26th April 2012: Yesterday afternoon at the European Parliament in Brussels, Andrew Brons made the following contribution to a debate in the Constitutional Affairs Committee (AFCO) with a Vice President of the Commission, Mr. Sefcovic, on (among other things) the public funding of European political parties.
Andrew told the Committee:
"With regard to the criterion for deciding whether European political parties should be funded from public funds, I think that we should ditch the pretence of arriving at an objective judgment on the basis of so-called European values. Instead, we could insist that they should not be parties disapproved of by the Political Class.
"If we were to express ourselves less elegantly but perhaps more honestly, we could add a paragraph 7 to Rule 209 in the European Parliament's Rules of Procedure as follows:
"Only members of the Political Class shall be allowed to put their trotters into the financial trough".
18th April 2012: This was a contribution from Andrew Brons to a debate in the Constitutional Affairs Committee (AFCO) yesterday afternoon on the Application of the Charter of Fundamental Rights to the Czech Republic*
(The AFCO meeting included several representatives from the Czech Parliament. Many of these objected to the fact that the Czech President had sought the protocol against their wishes).
"I do not want to intrude into the debate among Czechs as to whether the Czech President was right to seek the Protocol. That is their business. However, the process by which the Protocol was negotiated is our business.
"However, I am concerned that the governments of the United Kingdom, Poland and later the President of the Czech Republic were told that the countries concerned had some sort of exemption from the Charter of Fundamental Rights**. I know that there are objections to the words 'opt-out' but they were used by our guest the Vice President of the Czech Senate.
"The question is: Who led them to that conclusion? Did the person or persons do so in good faith?
"If Mr. Duff is correct in saying that the Court of Justice has now endorsed the decision of the Advocate General (I presume that this was in the case of Mr. N.S. an Afghan citizen - Mr. Duff nodded) and ruled that the Protocol had no validity, it would mean that the British Parliament (and I presume the Polish Parliament) were misled into voting to ratify the Lisbon Treaty. Whether they were misled dishonestly or by honest mistake remains to be seen.

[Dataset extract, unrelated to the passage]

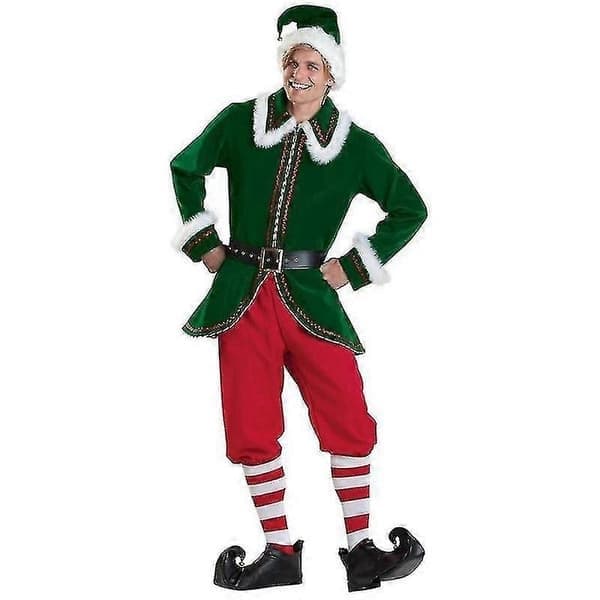 Mænds Nisse Julemandskostume Deluxe Sæt Cosplay Kostume/YY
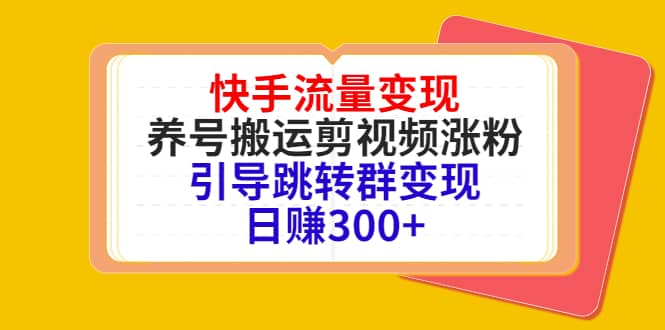 快手流量变现，养号搬运剪视频涨粉，引导跳转群变现日赚300+-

"What we know is that assent to the Lisbon Treaty was secured, at best, by an untruth and, at worst, by dishonesty." _____________________________________________________________________
* This concerns a 'protocol' attached to the Lisbon Treaty that was believed to provide the Czech Republic (and Poland and the United Kingdom) with some kind of exemption from the Charter of Fundamental Rights, which the Lisbon Treaty applied to all member states.
** The United Kingdom wanted to avoid being subject to employment rights enshrined in the Charter. Poland wanted to avoid its family laws from being declared null and void by the Charter. The Czech President wanted to avoid the Charter being used by Germans from the Czech Republic (or their descendants) reclaiming land from which they were expelled after the Second World War under the Benes Decrees.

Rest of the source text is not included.